Session2を読むことで、“古代中国にはトルコ系民族が暮らしていた”と言うことが理解できたかと思います。


それでは、古代中国に住んでいたトルコ系民族・・・その血筋は、現代に至るまでに途絶えてしまったのでしょうか。


違います。


中国には、今もトルコ系民族が暮らしています。






はい、ここで問題です。


現在の中国で暮らしているトルコ系民族は何と言う民族でしょう。


ヒント:近年、ニュース番組で報道されることが多くなった民族です。






分かりました?


それでは、正解です。






“新疆ウイグル自治区”のウイグル族、ウイグル人がトルコ系民族になります。


今、世界が注目する“ウイグル問題”。


偶にではありますが、日本国内でもニュース番組で報道されているので正解した方も多いかと思います。

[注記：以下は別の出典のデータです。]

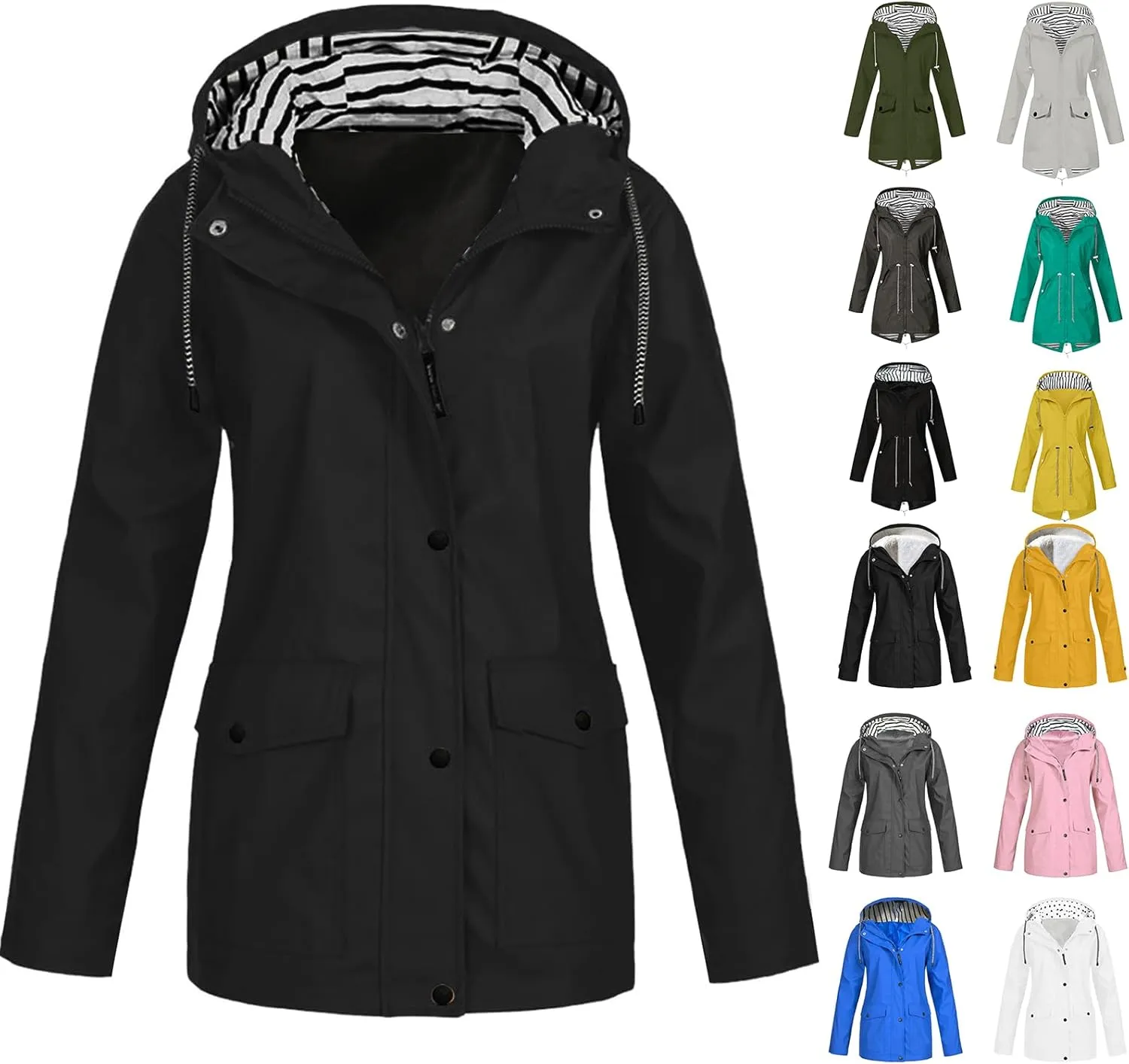 Wkishenl Plus Size Rain Jackets For Women With Hood Waterproof Lightweight Trench Coats Outdoor Hiking Wind Breaker Raincoats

2018年の9月11日には、BBCが『国連、中国政府がウイグル人100万人拘束と批判(https://www.bbc.com/japanese/video-45480237)』と言うタイトルで記事を、2018年12月6日には、CNNが『国連、ウイグル族「再教育施設」の直接調査求める(https://www.cnn.co.jp/world/35129745.html)』と言うタイトルで記事を、そして、2019年の1月8日には、AFPが『国連のウイグル視察受け入れ 中国、条件付きで(http://www.afpbb.com/articles/-/3205450)』と言うタイトルで記事を出しています。


興味のある方は、是非読んでみてください。






さてさて、ウイグルと言ってもピンと来ない方も居ると思いますので、ウイグルについて説明したいと思います。


まずは、地理から説明しましょう。


新疆ウイグル自治区があるのは、中華人民共和国の西の端。


隣接している国の名前を挙げれば、トルコ系の民族が暮らしていると言うのも分かりやすいと思います。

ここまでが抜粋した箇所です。